= Cornelia Müller =

Linguist

Cornelia Müller is a linguist who works on pragmatic features of semantics, particularly metaphors in gesture. She is the Chair for Language Use and Multimodal Communication at Europa-Universität Viadrina Frankfurt (Oder). Müller along with Adam Kendon was a founding editor of Gesture, a peer reviewed journal published since 2001, and is a current member of the editorial board. Müller was also a founding editor of the Gesture Studies monograph series for Benjamins, with Kendon, from 2000–2009. Müller was a program chair for the 4th Conference of the International Society for Gesture Studies (ISGS) in 2010.

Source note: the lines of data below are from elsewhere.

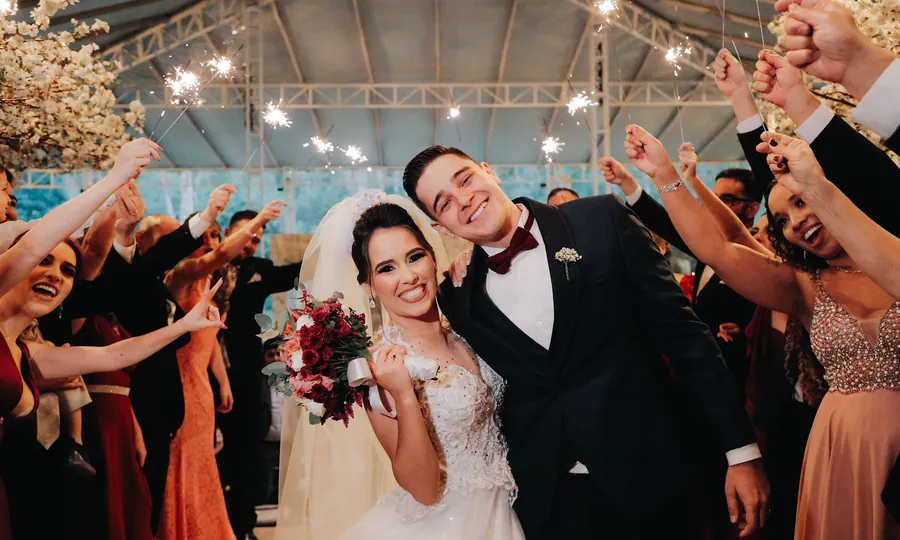 Saída dos noivos celebrada pelos convidados em casamento organizado pela Noiva S.A.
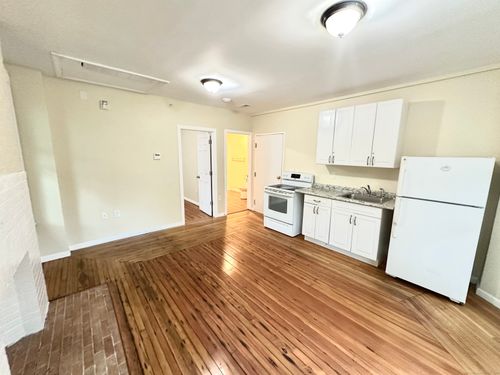 apt-4b-135 W Main St, Waterbury, CT, 06702-2017 | Card Image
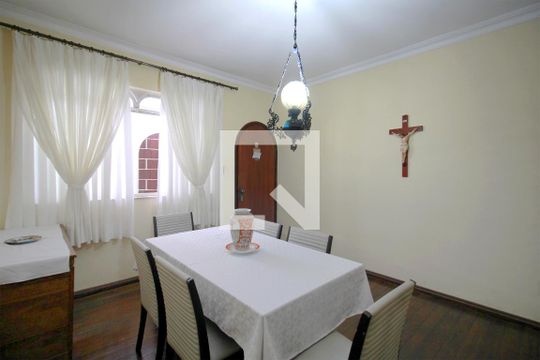 Sala de Jantar de casa à venda com 8 quartos, 357m² em Nova Floresta, Belo Horizonte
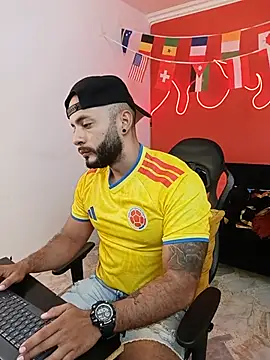 צ'אט XXX בשידור חי של Mike_savage3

== Selected publications ==
- Müller, Cornelia, Alan Cienki, Ellen Fricke, Silva H. Ladewig, David McNeill and Sedinha Teßendorf (eds). 2013. Body – Language – Communication: An International Handbook on Multimodality in Human Interaction, Vol. 1. (Handbooks of Linguistics and Communication Science 38.1.). Berlin/ Boston: De Gruyter Mouton.

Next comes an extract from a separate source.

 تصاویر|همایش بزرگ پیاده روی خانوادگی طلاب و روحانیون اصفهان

- Müller, Cornelia, Alan Cienki, Ellen Fricke, Silva H. Ladewig, David McNeill and Jana Bressem (eds). 2014. Body – Language – Communication: An International Handbook on Multimodality in Human Interaction, Vol. 2. (Handbooks of Linguistics and Communication Science 38.2.). Berlin/ Boston: De Gruyter Mouton.
- Müller, Cornelia. 2008. Metaphors Dead and Alive, Sleeping and Waking. A Dynamic View. Chicago: University of Chicago Press.
- Müller, Cornelia and Roland Posner (eds). 2004. The semantics and pragmatics of everyday gestures. Berlin: Weidler.